Une autre conséquence importante de la synchronisation des connexions pair-à-pair est qu’elle peut rendre les discussions de groupe un peu bizarres. Que se passe-t-il si tous les membres du groupe ne sont pas en ligne au même moment ? Briar et Cwtch gèrent ce problème différemment, un sujet abordé plus bas, dans les sections relatives à chacune de ces applications.

Tor

grand type perplexe et chapeauté au t-shirt BIG DATA, qui se pose des questions (3 points d'interrogation) tandis qu'à ses pieds deux enfants communiquent avec des boites de conserve reliées par un fil

Bien que la communication pair-à-pair soit très résistante aux métadonnées et évite d’autres écueils liés à l’utilisation d’un serveur central, elle ne protège pas à elle seule contre la collecte de métadonnées et l’analyse du trafic dans le cadre du « Big Data ». Tor est un très bon moyen de limiter ce problème, et les applications CPT font transiter tout le trafic par Tor.

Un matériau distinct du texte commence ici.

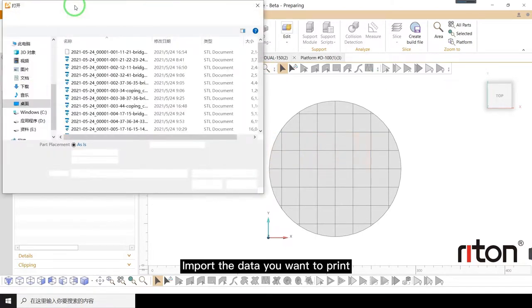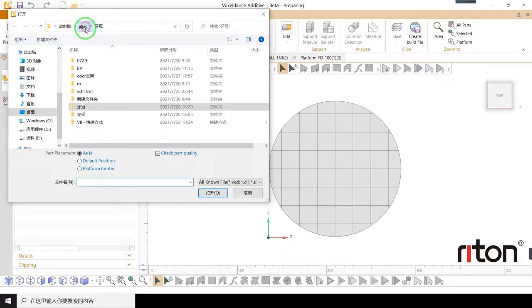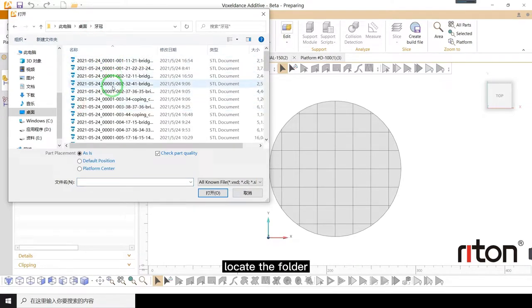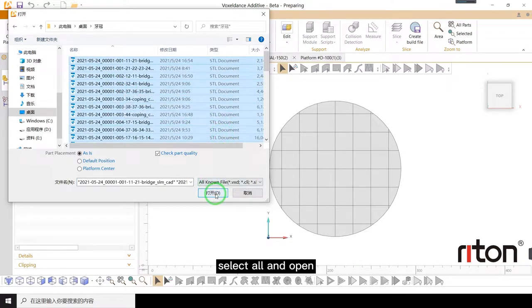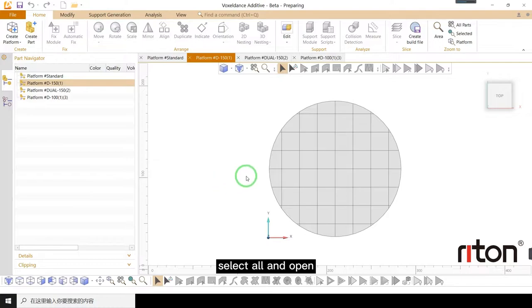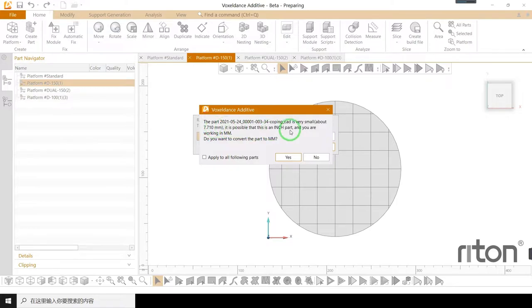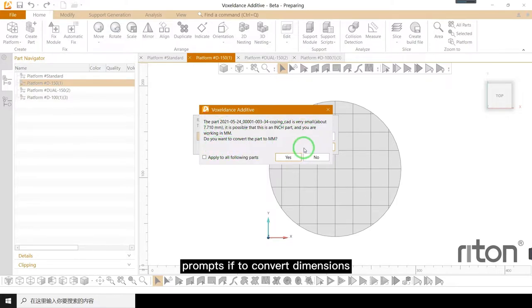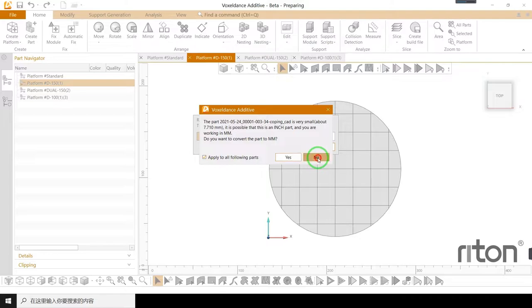Import the data you want to print. Locate the folder, select all and open. Prompts if to convert dimensions. Apply to all and click no.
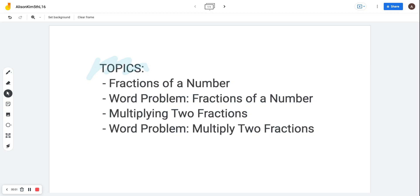Hi, 5th Critters! Today's topics are going to be fractions of a number, and then we're going to do word problems that consist of fractions of a number, and then we're going to multiply two fractions, and then do word problems on multiplying two fractions.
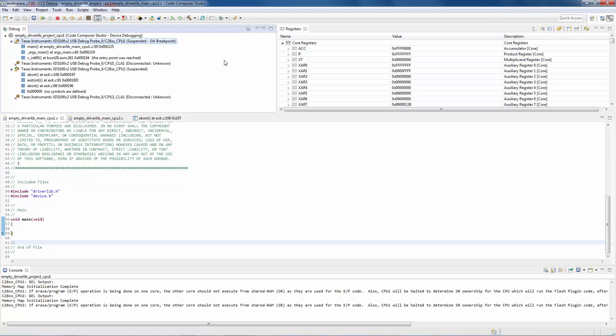When working with a device that has multiple cores, by default the debug view controls the context of other views.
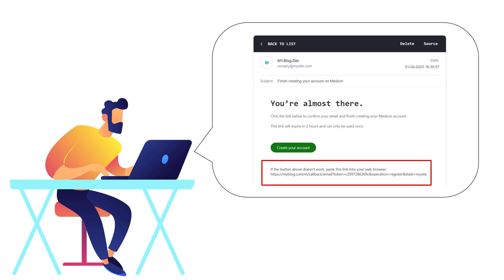The link would contain a unique token that can only be used once and would be valid for a certain period of time, such as 24 hours.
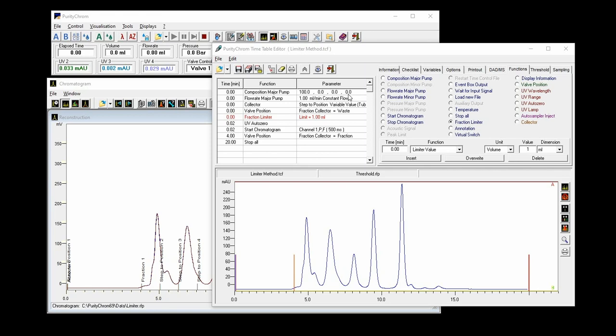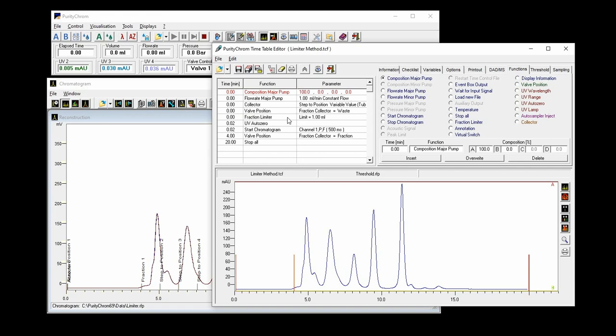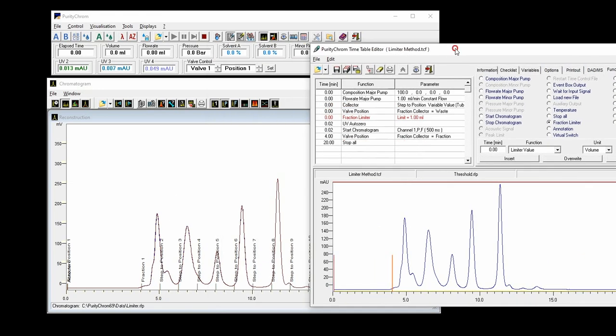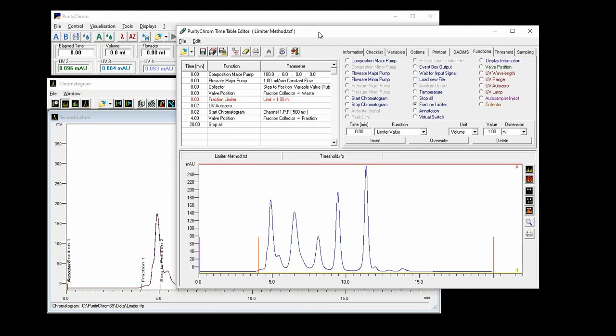The limiter you would use in a method in this way: you are starting to set up your method as you are used to. You basically set the flow rate and the composition of your pump, you set the valve positions, the collector, and then what you are doing is you define the volume that is used for the limiter calculations. I would go into the next tube in my fraction collector after one milliliter. And this will be triggered by setting the fraction collector into fraction. As you can see here at time point 4 minutes, we set the fraction collector into fraction and then from here on each milliliter we will go to the next position in our fraction collector.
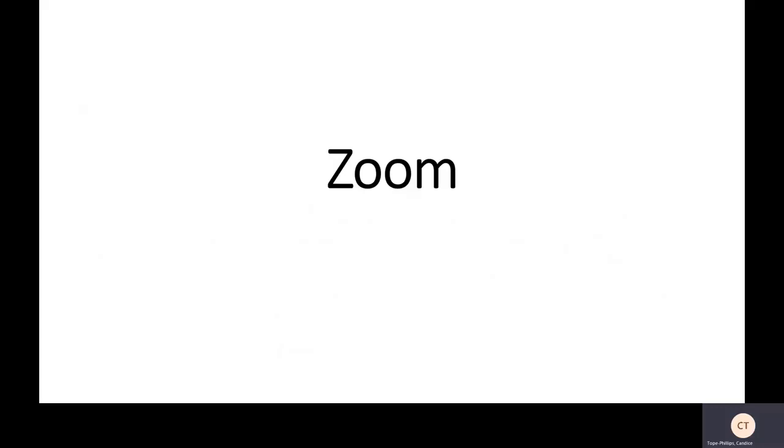Welcome. I'm Candace Tobe-Phillips, a Trainer and Curriculum Development Specialist at the Administrative Office of the Courts. Today, I'm going to walk you through how to use the Zoom process and what to expect when attending remote court.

Si vous êtes un⋅e anarchiste et que vous lisez ces lignes, vous devriez déjà connaître Tor et la façon dont il peut être utilisé pour assurer l’anonymat (ou plutôt la non-associativité). Les applications CPT permettent d’établir des connexions directes pair-à-pair pour échanger des messages par l’intermédiaire de Tor. Il est donc beaucoup plus difficile de vous observer de manière ciblée ou de vous pister et de corréler vos activités sur Internet, de savoir qui parle à qui ou de faire d’autres analyses utiles. Il est ainsi bien plus difficile de relier un utilisateur donné d’une application CPT à une identité réelle. Tout ce qu’un observateur peut voir, c’est que vous utilisez Tor.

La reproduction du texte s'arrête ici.